Data:
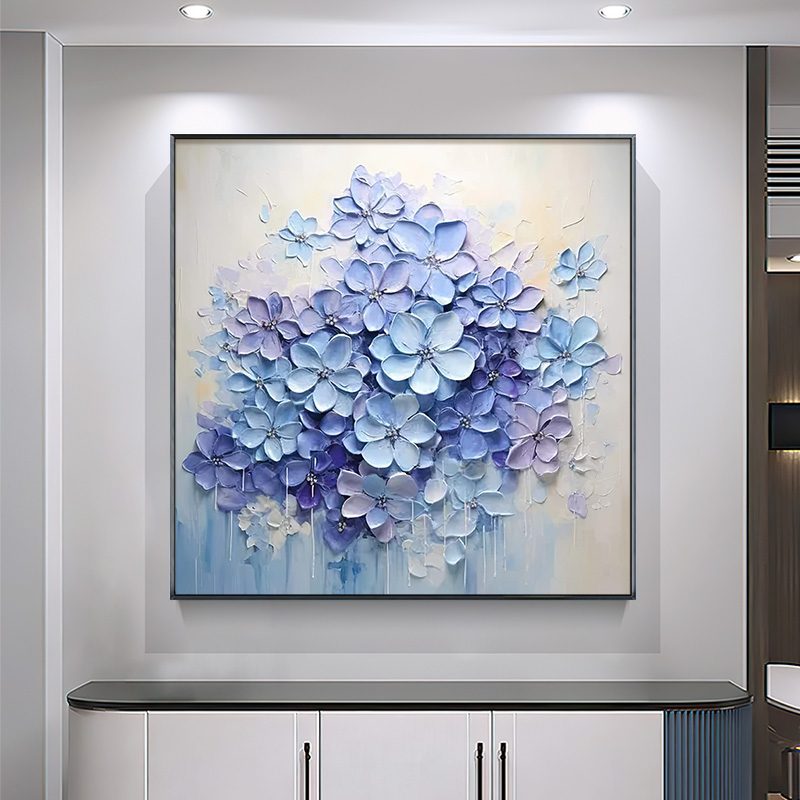 手绘油画现代简约花卉客厅装饰画轻奢餐厅挂画玄关卧室床头壁画图片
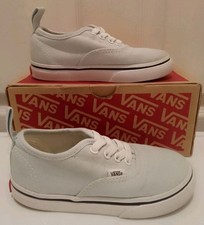 VANS AUTHENTIC ELASTIC INFANT UK 8 BABY BLUE TRUE WHITE GOOD USED CONDITION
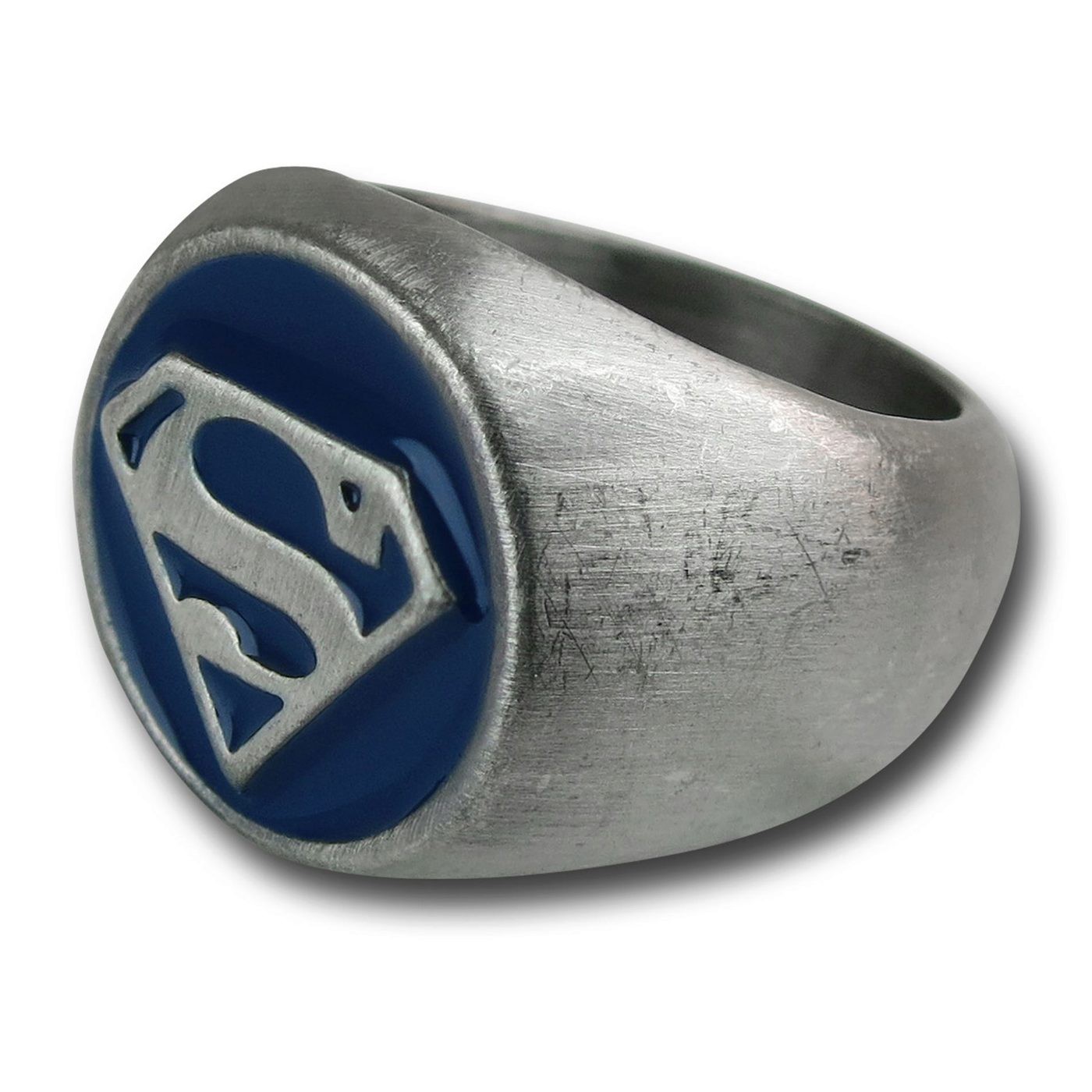 Superman Brushed Nickel Blue Embossed Ring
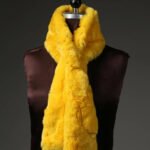 Yellow Rex Rabbit Fur Scarf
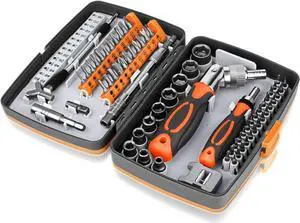 Ratcheting Screwdriver Set - 68 in 1 Socket Set & Magnetic Screwdriver Bit Set with Rotatable Ratchet Handles extensions bar and Storage Case for Computer/Bike/Car/Electronics Maintenance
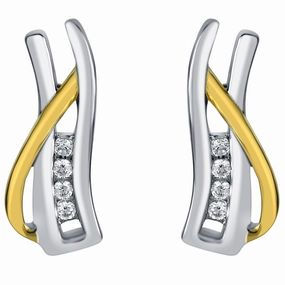 Two-Tone Sterling Silver Ribboned Bar Earrings Linear Ornament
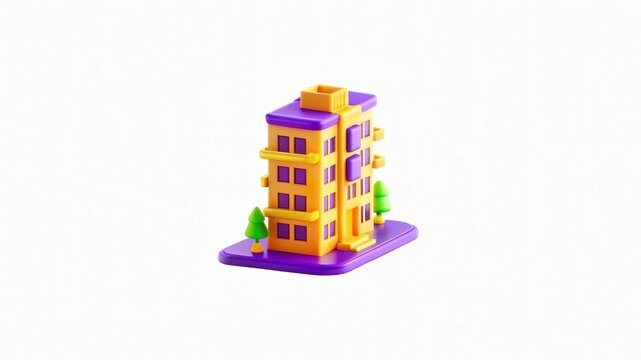 Colorful toy building in purple and yellow with a small green tree in front.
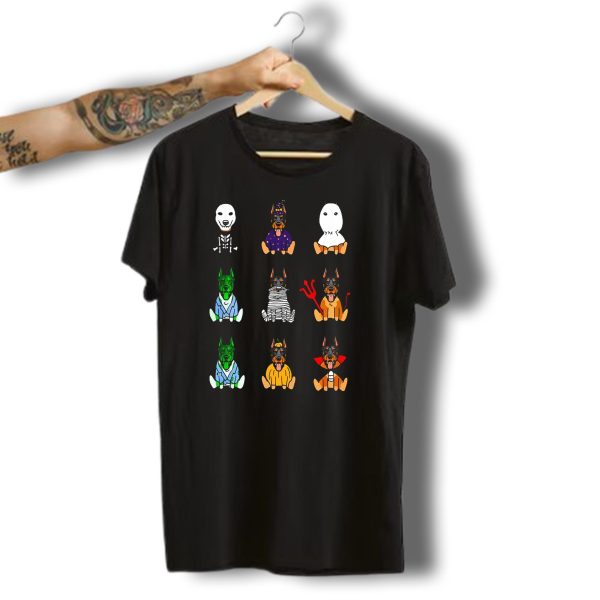 Doberman Pinscher Halloween Costumes Skeleton Wizard Ghost Mummy Devil Dracula T Shirt t shirt 1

Exercise requirements: Transcribe exactly the span of lines that opens with the line holding "Two-Tone Sterling Silver" and closes with the last line of the entries above. Omit pictures.

Your response:
 Two-Tone Sterling Silver Ribboned Bar Earrings Linear Ornament
 Colorful toy building in purple and yellow with a small green tree in front.
 Doberman Pinscher Halloween Costumes Skeleton Wizard Ghost Mummy Devil Dracula T Shirt t shirt 1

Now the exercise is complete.